Would you write out each line of the material below exactly, skipping every picture?
[[ DATA SEGMENT, beginning ]]
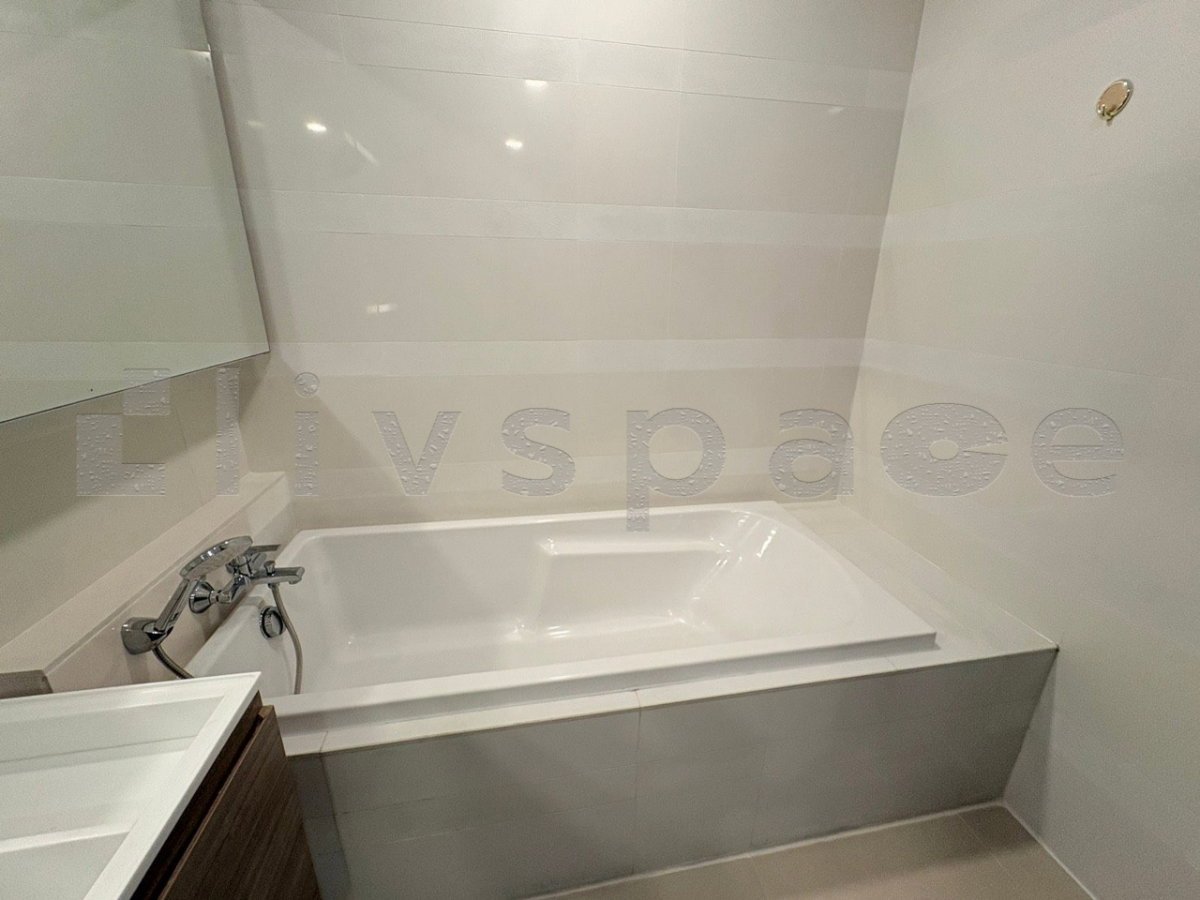 รูป ▚ L06C3Rツ ให้เช่า Keyne By Sansiri 3Bed 3Bath 137ตร.ม. ยูนิตหายาก ห้องทำใหม่สวยมาก พร้อมอยู่ ติด BTS ทองหล่อ✨ - รูปที่ 10/17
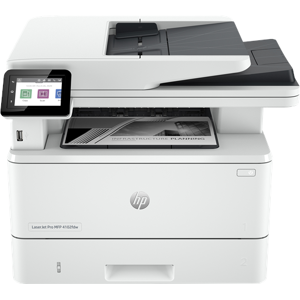 HP 2Z624F#B19 Imprimante  Original LaserJet Pro MFP 4102fdw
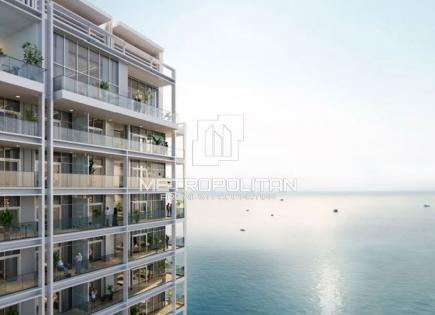 Apartamento para 202 808 euro en Ras al-Jaima, EAU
[[ DATA SEGMENT, end ]]
◆ EXPECTED OUTPUT
 รูป ▚ L06C3Rツ ให้เช่า Keyne By Sansiri 3Bed 3Bath 137ตร.ม. ยูนิตหายาก ห้องทำใหม่สวยมาก พร้อมอยู่ ติด BTS ทองหล่อ✨ - รูปที่ 10/17
 HP 2Z624F#B19 Imprimante  Original LaserJet Pro MFP 4102fdw
 Apartamento para 202 808 euro en Ras al-Jaima, EAU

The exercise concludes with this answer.